#### Goal of the exercise
The material below includes pictures; leave them out and return only the lines between the line containing "this 1270×952 image." and the line containing "this 350×262 image.", inclusive, word for word.
------ Provided records
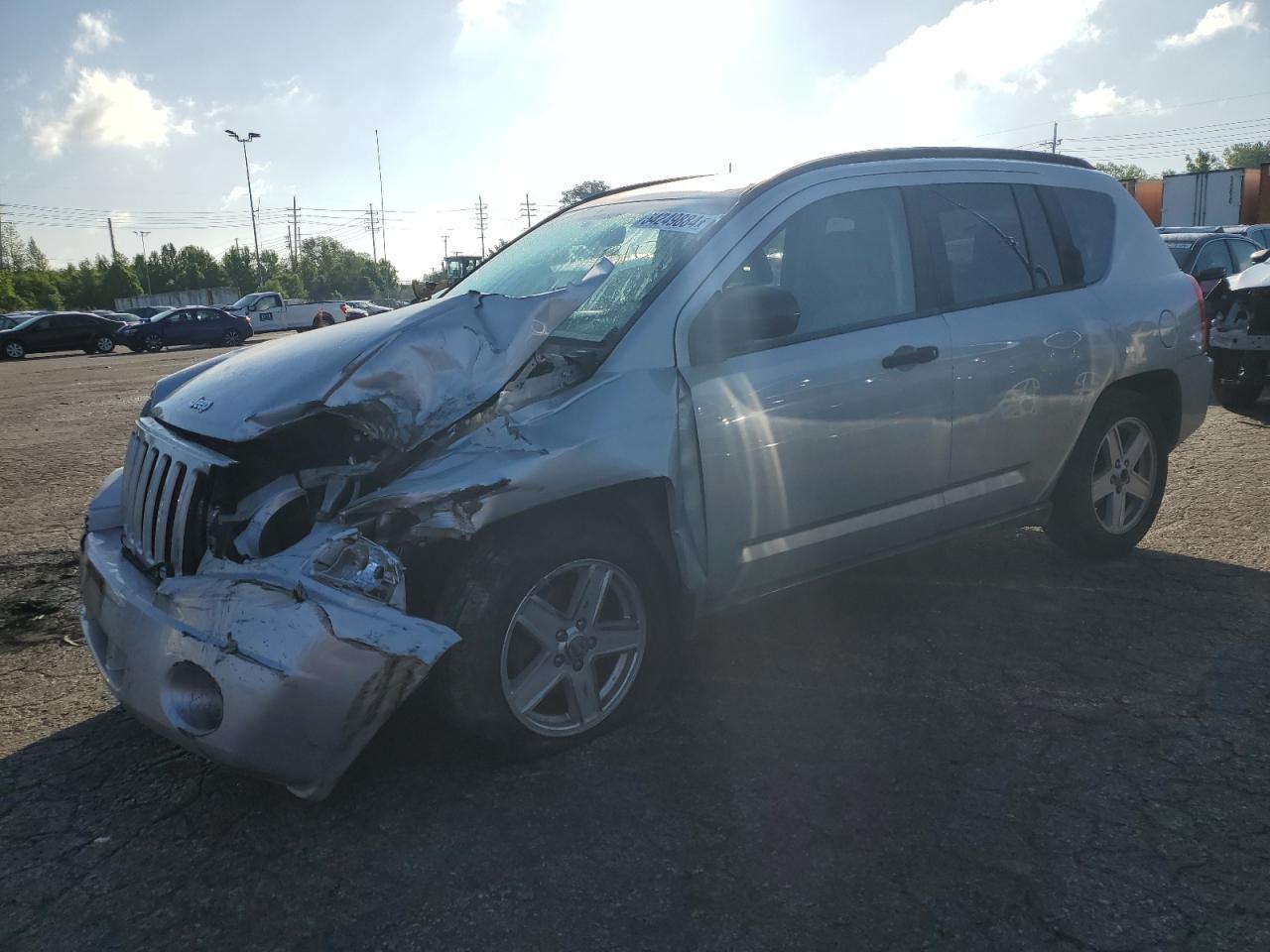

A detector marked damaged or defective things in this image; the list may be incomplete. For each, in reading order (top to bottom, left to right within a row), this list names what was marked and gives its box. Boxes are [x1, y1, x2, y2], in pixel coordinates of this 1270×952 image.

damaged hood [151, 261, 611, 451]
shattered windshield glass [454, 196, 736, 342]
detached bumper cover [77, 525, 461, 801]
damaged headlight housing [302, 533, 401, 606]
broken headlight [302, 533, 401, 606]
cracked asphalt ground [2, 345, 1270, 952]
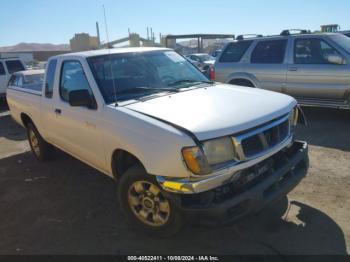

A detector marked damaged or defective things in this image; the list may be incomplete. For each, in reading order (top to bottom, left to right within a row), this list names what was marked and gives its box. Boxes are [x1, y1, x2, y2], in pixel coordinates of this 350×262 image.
------------
------ Provided records
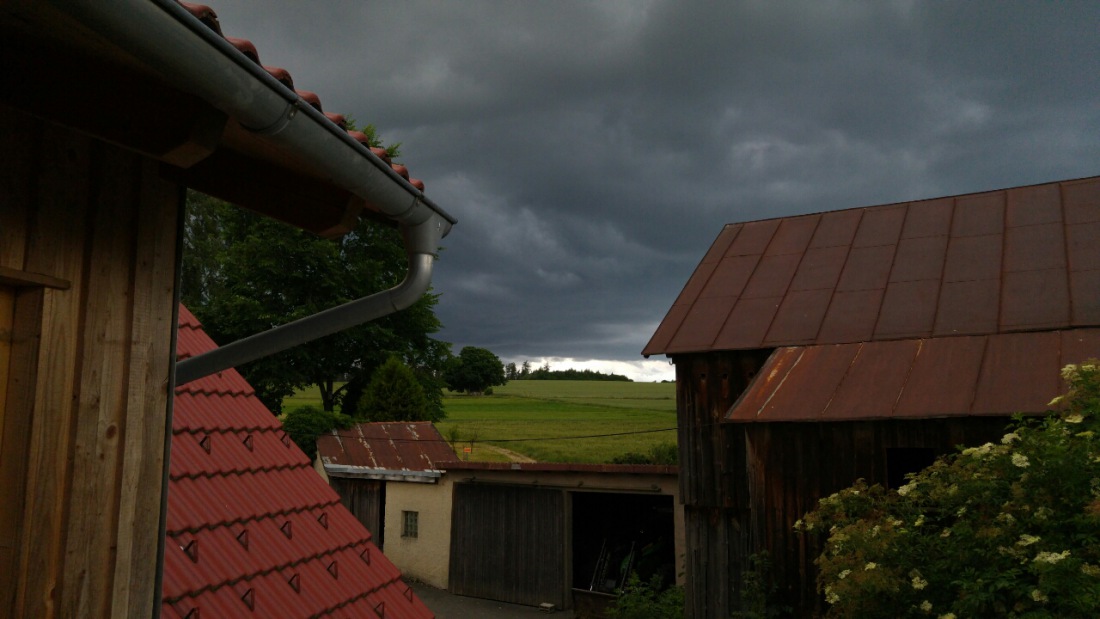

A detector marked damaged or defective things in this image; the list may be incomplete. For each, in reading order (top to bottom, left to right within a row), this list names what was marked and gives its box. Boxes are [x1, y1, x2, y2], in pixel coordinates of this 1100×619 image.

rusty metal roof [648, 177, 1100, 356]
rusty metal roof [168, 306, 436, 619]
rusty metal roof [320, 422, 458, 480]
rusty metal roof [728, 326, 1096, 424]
------------
------ Provided records
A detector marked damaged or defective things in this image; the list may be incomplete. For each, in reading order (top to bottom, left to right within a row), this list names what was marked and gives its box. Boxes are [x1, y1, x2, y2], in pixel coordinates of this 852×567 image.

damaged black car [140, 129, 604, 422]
------------
#### Answer to this problem
A detector marked damaged or defective things in this image; the list may be incomplete. For each, in reading order (top to bottom, left to right within a row), this list names what was marked and gives its box. Boxes are [x1, y1, x2, y2], in pixel coordinates of this 1270×952 image.

damaged hood [151, 261, 611, 451]
shattered windshield glass [454, 196, 736, 342]
detached bumper cover [77, 525, 461, 801]
damaged headlight housing [302, 533, 401, 606]
broken headlight [302, 533, 401, 606]
cracked asphalt ground [2, 345, 1270, 952]

A detector marked damaged or defective things in this image; the list may be incomplete. For each, in reading order (top to bottom, left to right within a row), this list names what was marked and gives its box. Boxes are [x1, y1, x2, y2], in pixel coordinates of this 350×262 image.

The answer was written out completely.